What does “Comedians in Cars” tell us marketers about video campaigns?

Number one, it’s a clear sign that consumers are comfortable ingesting rich content in its most compact form—on the small screen of a mobile device. If Jerry Seinfeld is creating for the smallest of video sizes, then that is where the audience is moving. And if marketing is going to reach this audience, it needs to create content that works well in that format.

Number two, creating a mobile-friendly video cannot be an after-thought. Every aspect of the design of the video, from concept and storyboard to shooting and post-production, must contemplate the mobile device as the primary focus. Not only must all of the key images be seen in tight focus, but any calls-to-action must be large and easy to read. Text must be minimal and clear. Subtlety is not your friend. Actions must be obvious and dialog crisp.

Number three, and assuming the video will be hosted on your company website, the video player must be capable of managing a responsive video, and your video size must be device agnostic.

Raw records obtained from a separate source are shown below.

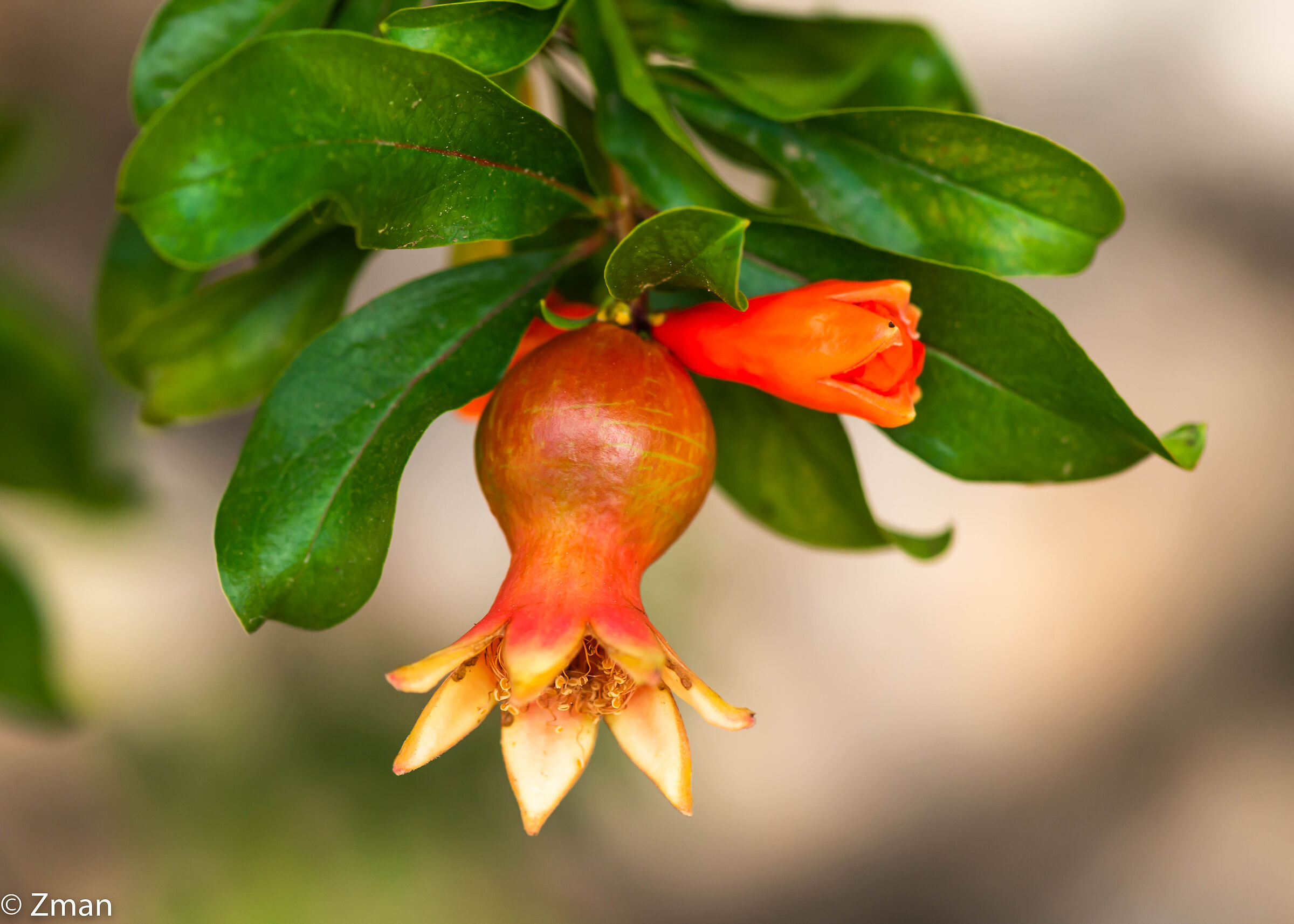 Pomegranate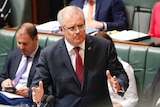 Treasurer Scott Morrison gestures with both hands in Question Time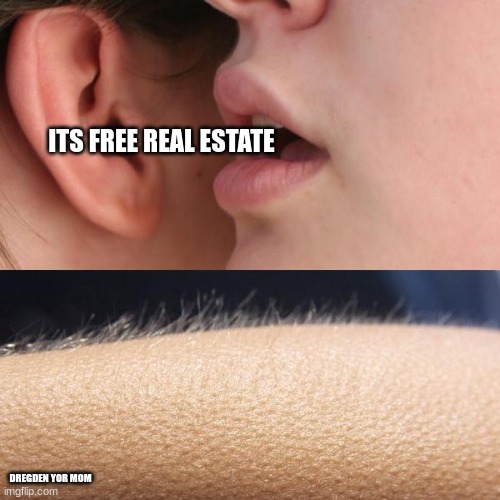 now theirs a pretty meme | ITS FREE REAL ESTATE; DREGDEN YOR MOM | image tagged in whisper and goosebumps | made w/ Imgflip meme maker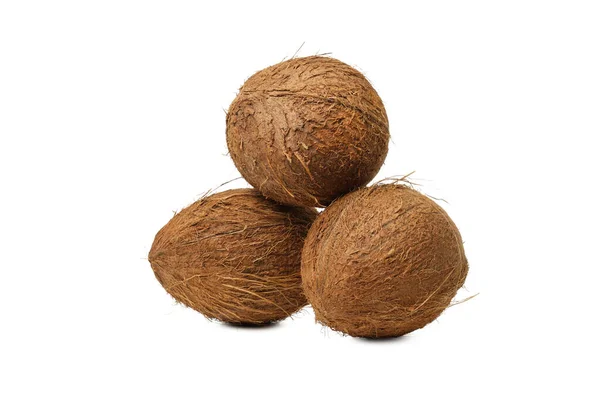 Png Coconut — 스톡 사진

Your video content should be visible on an iPhone, a larger mobile device and a large monitor.

Number four, choose a bold image for your splash screen while the video is loading. It will draw viewers in and it’s good for search as it will make your video easily recognizable. Here’s an example of a bold splash screen image:

Finally, think carefully about your Call to Action. CTAs in videos on a mobile device may not be clickable. If you are unable to create a clickable CTA, consider a CTA that’s external to the video but still on the landing page.

As consumers rely on their mobile devices for gathering the information they need to make purchasing decisions, a video that is truly mobile first can move you ahead of the competition.